(Stored items)
= Beginning of Section =

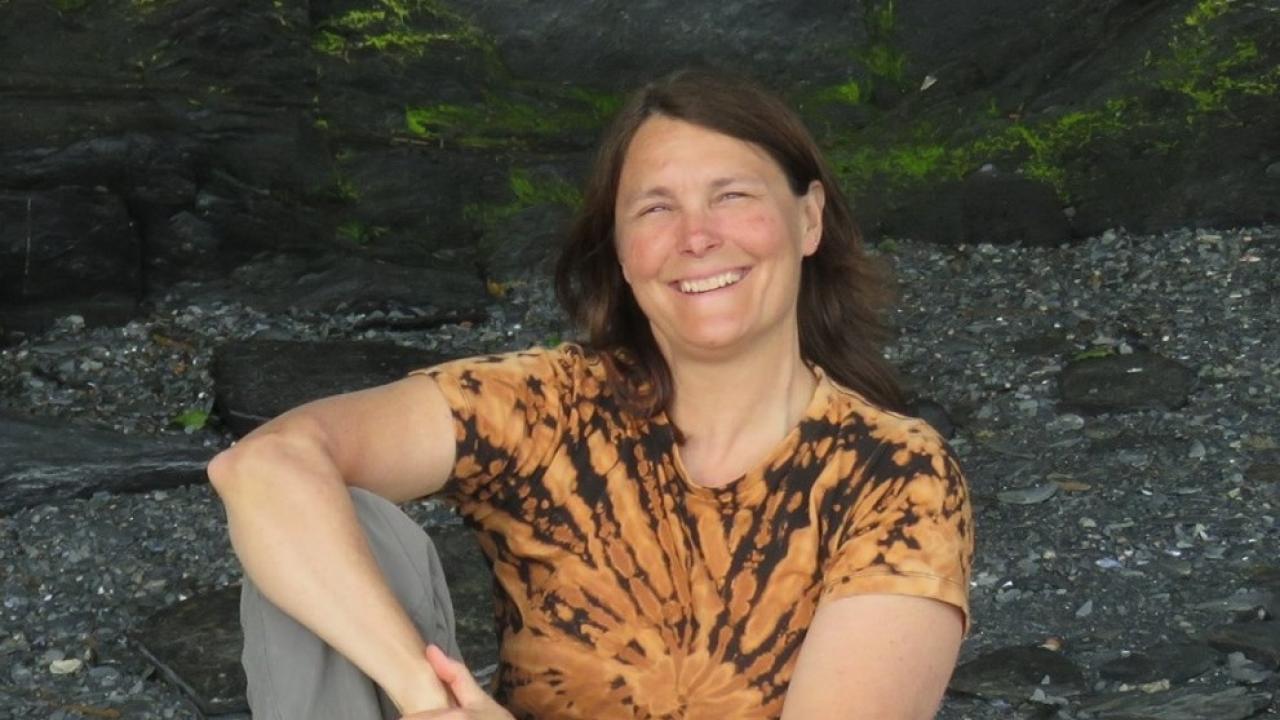 Laura Marsh, a 1985 alumna of the UC Davis College of Letters and Science, is the winner of the college's 2020 Maurice Prize for Fiction. Photo of UC Davis alumna Laura Marsh sitting oudoors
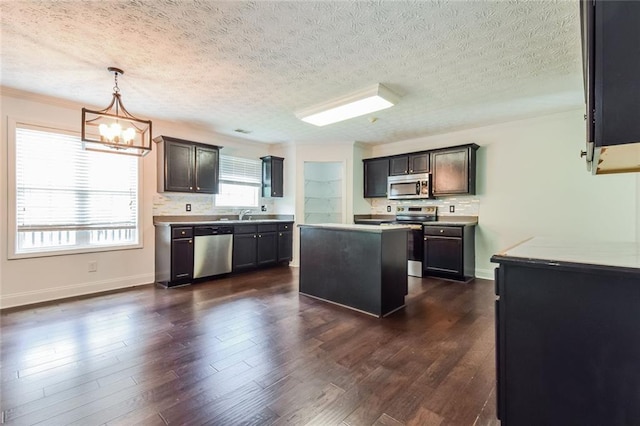 5900 Fairington Farms Ln, Stonecrest, GA 30038 - kitchen with stainless steel appliances, a chandelier, a textured ceiling, a kitchen island, and light countertops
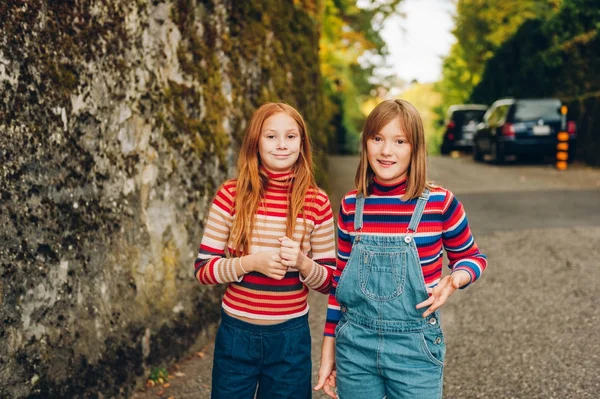 Retrato al aire libre de dos niñas preadolescentes divertidas que usan vaqueros, pulóveres de cuello rollo de rayas, moda para adolescentes —  Fotos de Stock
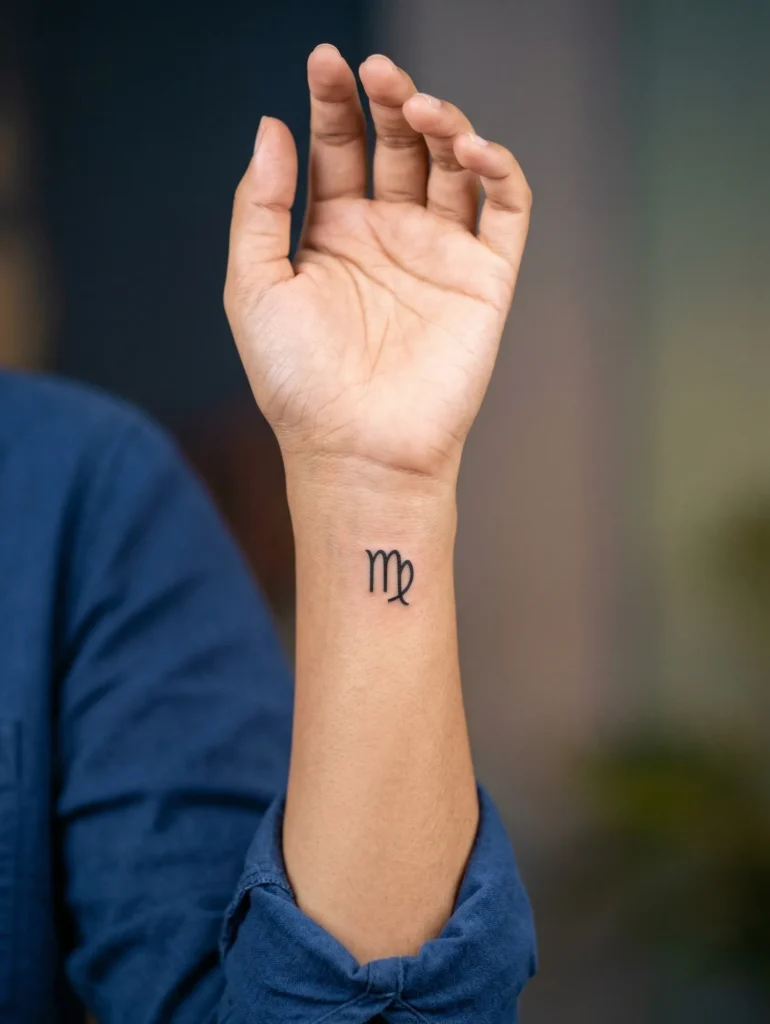 Tiny Zodiac Symbol on Inner Wrist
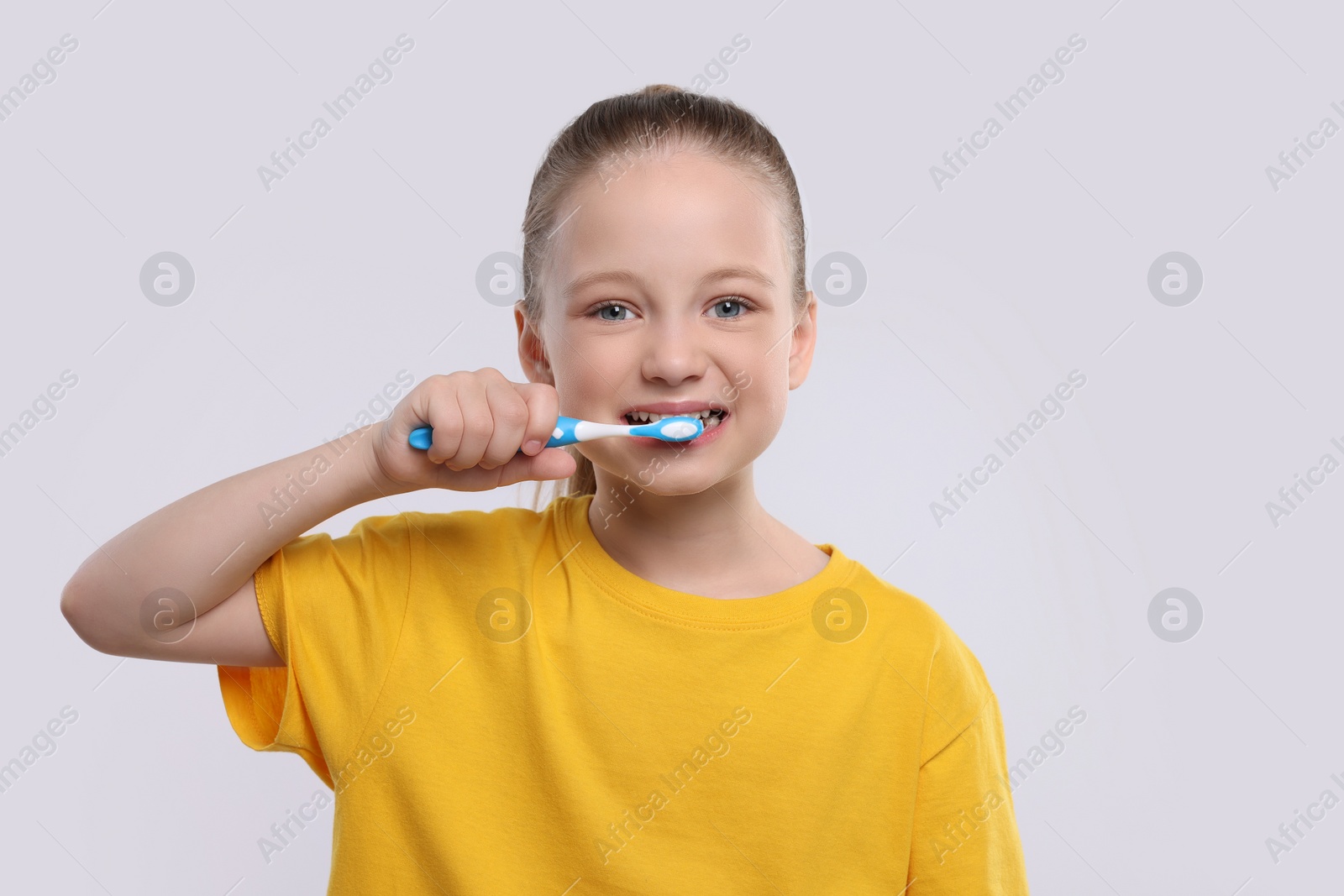 Photo of Happy girl brushing her teeth with toothbrush on white background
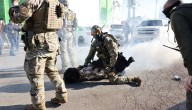 Feds make arrests, deploy tear gas during faceoff with protesters near Little Village discount mall
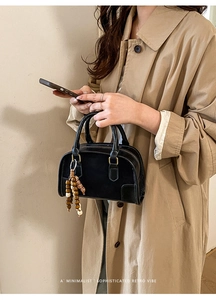 Dettaglio di borsa retrò nera con ciondolo in perline di legno tenuta da una modella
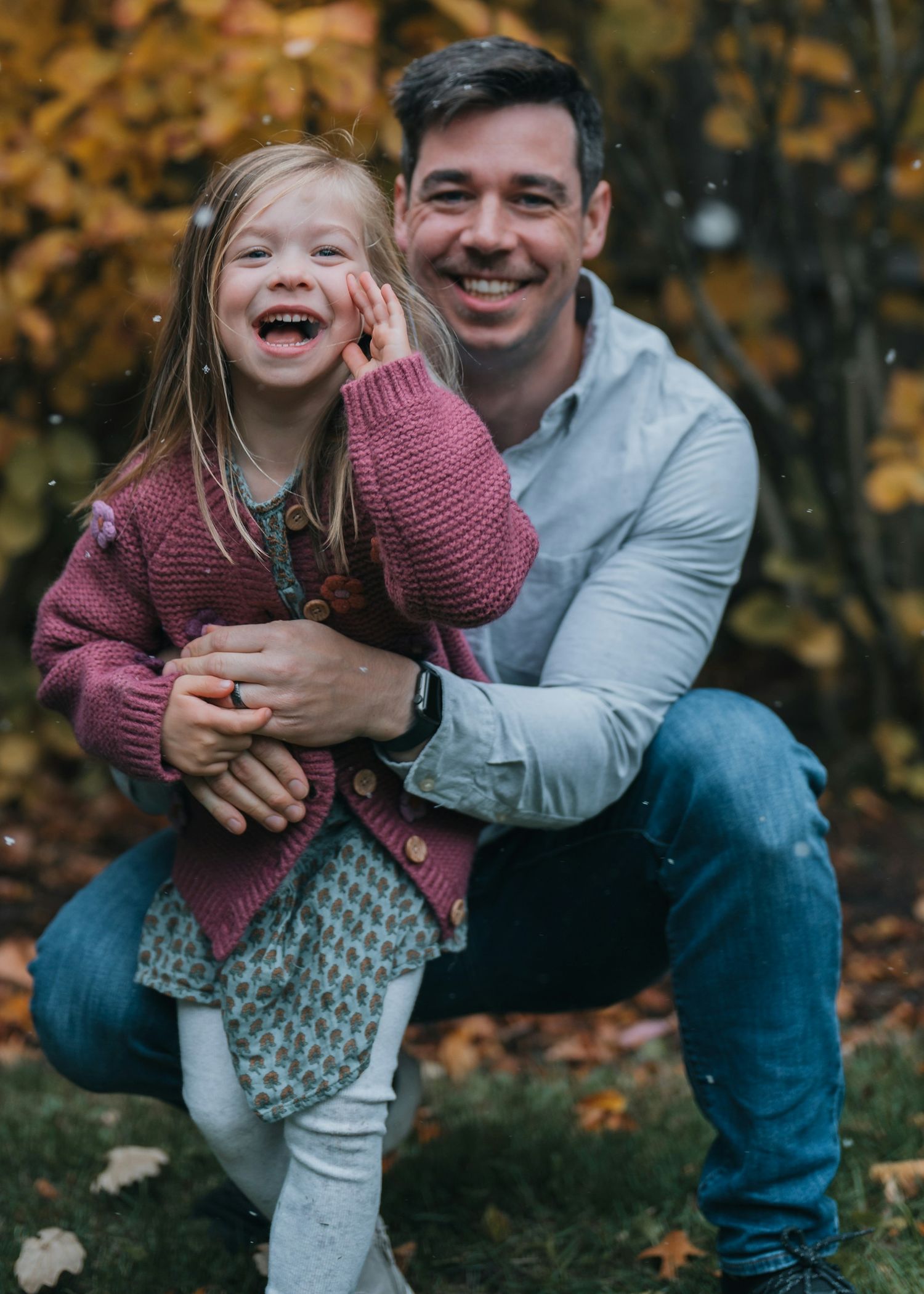 A smiling man crouches outdoors in autumn, hugging a laughing young girl in a pink cardigan among fall foliage.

= End of Section =

- TASK DIRECTIONS
Every record is to be reproduced exactly, with no pictures included.

- EXPECTED OUTPUT
 Laura Marsh, a 1985 alumna of the UC Davis College of Letters and Science, is the winner of the college's 2020 Maurice Prize for Fiction. Photo of UC Davis alumna Laura Marsh sitting oudoors
 5900 Fairington Farms Ln, Stonecrest, GA 30038 - kitchen with stainless steel appliances, a chandelier, a textured ceiling, a kitchen island, and light countertops
 Retrato al aire libre de dos niñas preadolescentes divertidas que usan vaqueros, pulóveres de cuello rollo de rayas, moda para adolescentes —  Fotos de Stock
 Tiny Zodiac Symbol on Inner Wrist
 Photo of Happy girl brushing her teeth with toothbrush on white background
 Feds make arrests, deploy tear gas during faceoff with protesters near Little Village discount mall
 Dettaglio di borsa retrò nera con ciondolo in perline di legno tenuta da una modella
 A smiling man crouches outdoors in autumn, hugging a laughing young girl in a pink cardigan among fall foliage.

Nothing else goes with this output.